Preferably, the semantic segmentation step of the target environment image in step S1 includes:

s11) data preprocessing: splitting the obtained RGB-D data, carrying out image correction on an RGB image in the RGB-D data, then adding a random enhancement mode, and then adopting normalization processing to obtain training data finally required by a model;

s12) segmenting the dataset, making a category label: the obtained RGB image is manufactured into a lawn segmentation data set aiming at a lawn scene, and a lawn area and other category labels are designed;

s13) improving a lightweight MobieNet V2 backbone network, embedding a high-efficiency channel attention mechanism in a sampling process with a network step length, deleting a last average pooling layer and a full connection layer of an original network, and finally generating a characteristic layer of CxHxW;

s14) pyramid pooling layer extracts the overall features: generating characteristic layers with different sizes of CxHxW generated in the previous step, wherein cx1x1, cx2x2 and cx4x4 are generated through an average pooling layer; up-sampling three characteristic layers with different sizes in the previous step to the original CxHxW size through bilinear interpolation, stacking the obtained three characteristic layers with the convolution result of the original characteristic layer 1x1 to obtain a characteristic layer of 3CxHxW, and finally outputting the characteristic layer of CxHxW through a convolution of 3x 3;

s15) feature fusion: the fusion decoding is carried out to generate a feature map and a feature layer output by the pyramid in the step S14 or the feature layer generated in the step S13, the feature map is output, the weight of the two feature layers is adaptively calculated to obtain a better fusion mode, the picture subjected to data preprocessing is input to obtain a corresponding semantic segmentation result,

s16) target distance mapping

Combining the semantic segmentation result with the original depth map, sampling the depth map and the segmentation result to the same size, obtaining a pixel coordinate set sum of a target area according to the semantic segmentation result, summing and averaging pixel values according to the coordinate set sum of the extracted depth map, and dividing the sum by a scale coefficient to obtain the actual distance of each obstacle;

the mapping method is that each pixel in a label corresponding depth map of a segmentation result map is multiplied by a distance scale to obtain an actual measurement distance, the parallel distance between each display point and a depth camera is obtained according to the mapping of the pixel position, and then all the parallel distances in the label are averaged to obtain a final distance.
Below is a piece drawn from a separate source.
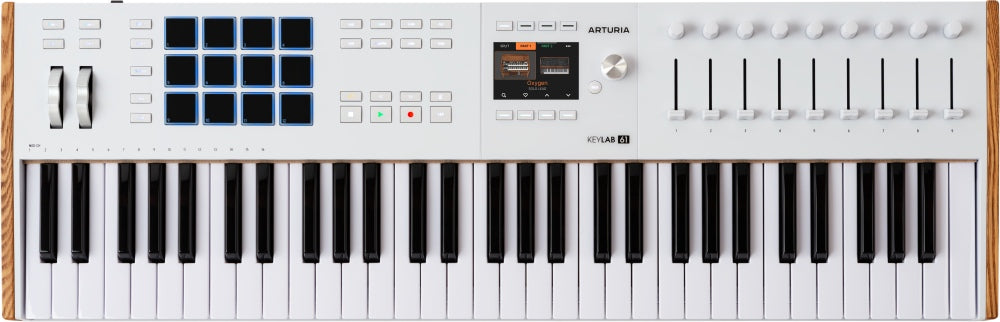 ARTURIA Keylab 61 mk3 MIDI-keyboard (Hvit)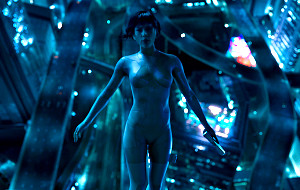 Scarlett Johansson in Ghost in the Shell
Preferably, the step S11) of preprocessing data includes:

s111) converting the obtained RGB image into HSV format, wherein the specific conversion formula is as follows

Cmax＝(max(R，G，B)

Cmin＝min(R，G，B)

Δ＝Cmax-Cmin

V＝Cmax

Wherein: RGB is the pixel value of red, green and blue channels of the picture, HSV is the color tone, saturation and brightness value of the picture, and V' isThe V after the adjustment is carried out,the average value of V is shown, I (X, Y) is a value after three Gaussian convolutions, and X, Y are pixel coordinates;

s112) inputting the V value into three continuous Gaussian kernel convolutions with the size of 7 to extract the low-frequency information of the picture, inputting the information into gamma function gamma, combining the gamma function gamma with the original H and S to form a new HSV image, and converting the new HSV image back to an RGB image to obtain a corrected RGB image.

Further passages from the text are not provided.